NCAS Conference 2019 roundup

The National Children and Adult Services Conference 2019 opened on Wednesday 20 November in Bournemouth with speeches from ADCS President Rachel Dickinson, ADASS President Julie Ogley and LGA Chairman Councillor James Jamieson.

Rachel’s powerful speech touched on many of the challenges facing children, their families and the services they rely on today, 30 years on from the Children Act 1989. She urged the next government, whoever it might be, to tackle the shameful levels of child poverty in this country. On funding, she highlighted the need for central government to invest sustainably, substantially and bravely in children’s services; we need a long-term funding settlement that transcends parliamentary cycles and general election rhetoric. And we need to move away from the current piecemeal approach to funding, she said. Small, ad hoc, short-term pots of funding from central government in response to single issues does not help all children in all local areas. Rachel then spoke about children’s mental health and wellbeing and the ADCS position paper A health care system that works for all children, published this Thursday. The paper calls for a re-setting of the role of health in relation to children and young people and the services provided to them and a Health & Wellbeing Board approach at a national level, amongst other things. Rachel also shared some findings from the latest elective home education (EHE) survey (also published this week). The survey showed that the number of children who are home educated is continuing to rise as well as the proportion of EHE children known to children’s social care. On support for care leavers, Rachel urged councils who have not already exempted their care leavers from paying council tax until age 25 to give this some thought when setting budgets locally. Other themes in Rachel’s speech included: the need for an inclusive education system and the level of profit being generated by some companies from the care of vulnerable children.

The full transcript of Rachel’s speech can be read here and the link to the press release can be found here.

There were a range of sessions on offer on Wednesday. In the morning, we heard from Caroline Coady from the NCB and Nicky Pace who is the Independent Scrutineer at Hertfordshire’s Safeguarding Children’s Partnership to speak about the new multiagency safeguarding arrangements in local areas.
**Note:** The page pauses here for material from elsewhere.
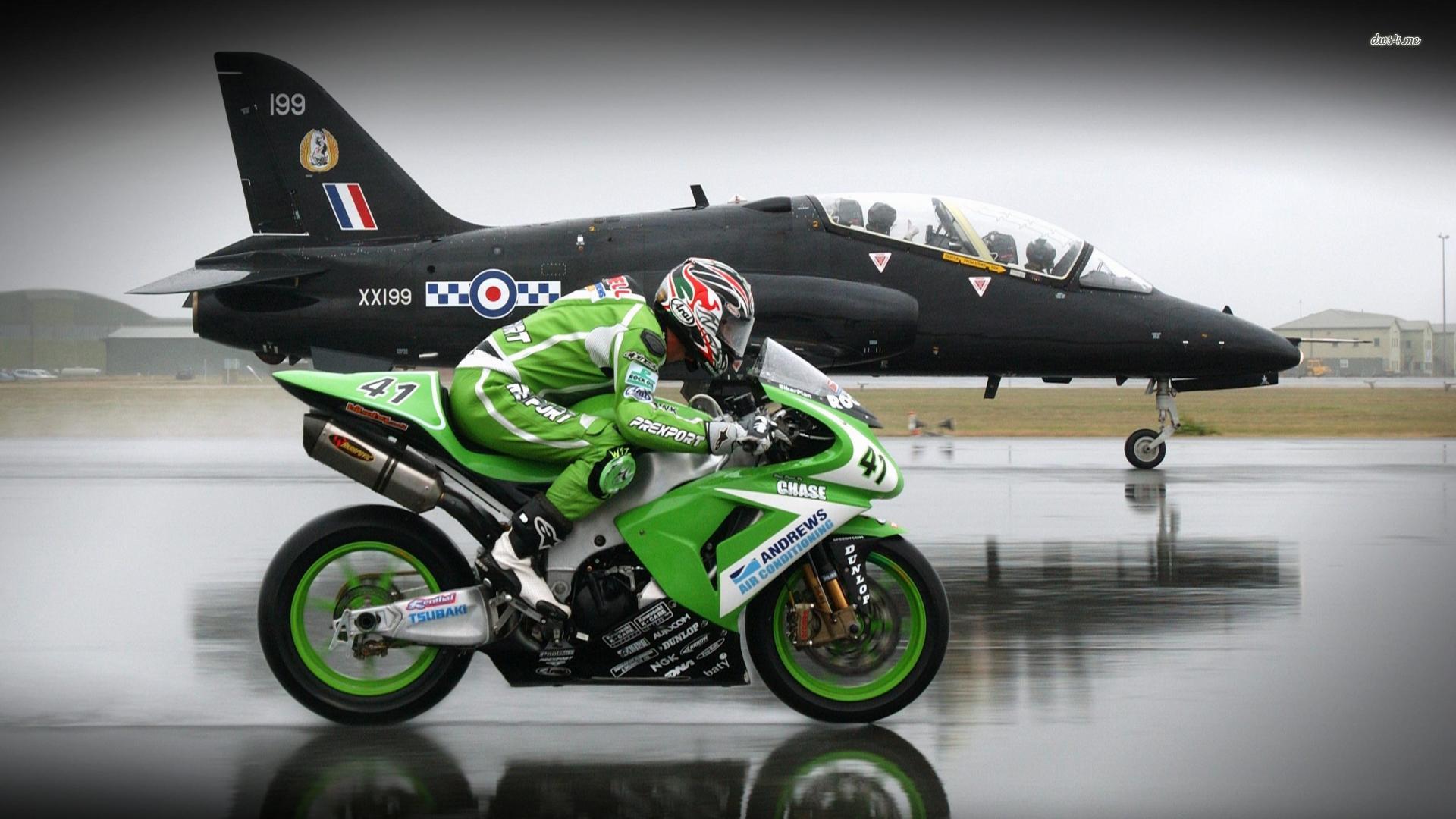 Moto Kawasaki verde e jet, 1920x1080 Full HD, PC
Leading into the afternoon, there was a session on embedding a whole system approach to domestic abuse. We heard a powerful personal account of a family’s experience of violence, fear and confrontation in the home. Delegates were also able to attend an engaging workshop on a staff-led initiative to consider wellbeing in the workplace from Central Bedfordshire Council.
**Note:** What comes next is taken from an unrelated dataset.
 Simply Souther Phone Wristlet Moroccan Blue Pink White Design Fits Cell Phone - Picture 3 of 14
In the afternoon, Steve Crocker and Steph How from Hampshire County Council led a very informative session on their journey to transform children’s social care in Hampshire before delegates chose from the final workshops of the day on improving outcomes for vulnerable children, embedding a whole school academic resilience approach or had the chance to hear from the new regulator Social Work England.

On Thursday, there were more workshops including an engaging session on adopted children’s experience of school and another on the importance of the early years on improving social mobility. Delegates also had the opportunity to discuss the impact of the Troubled Families programme. Later that morning there was a particularly popular sub-plenary session on tackling county lines and serious violent crime with input from ADCS Vice President Jenny Coles and Dez Holmes, Director of Research in Practice.
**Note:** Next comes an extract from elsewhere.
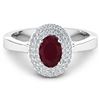 Image 1 : 14KT White Gold 0.95ct Ruby and Diamond Ring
In the afternoon, Charlotte Ramsden, Chair of the Health, Care & Additional Needs Policy Committee presented on the challenges and opportunities surrounding Special Educational Needs and Disability (SEND) in a session where we also heard from Tony McArdle, Chair of the SEND Leadership Board and one of the independent advisors to the SEND review. For the final session of the day delegates were involved in an interactive session on re-imagining services in a country that works for all children with input from Vice President Jenny Coles and Matt Dunkley, Chair of the Resources & Sustainability Policy Committee.

To mark the 30th anniversary of the Children Act 1989 and the 15th anniversary of the Children Act 2004, ADCS has been publishing the reflections of our past, current and vice presidents on our website. A composite of all 14 reflections was published on the ADCS website which you can find here and the Guardian also published a longer piece on Rachel Dickinson’s reflections during the conference. To read the Guardian article follow the link here.

The final morning of the conference brought more fascinating sessions including a session from Suffolk Council who came to talk about on how they used the power of communities to support care leavers through the use of mentors. Finally, the conference was brought to a close with an important discussion on the role of local government in addressing children and young people’s mental health problems.

There was lots of Twitter activity over the last three days. Search #NCAS19 or @ADCStweets for a summary of events.

Speeches and presentations from the event will be posted onto the conference website and shared via the ADCS bulletin when available. It’s been another enjoyable and eventful conference and we hope to see you all again next year for plenty more interesting discussion and debate in Manchester.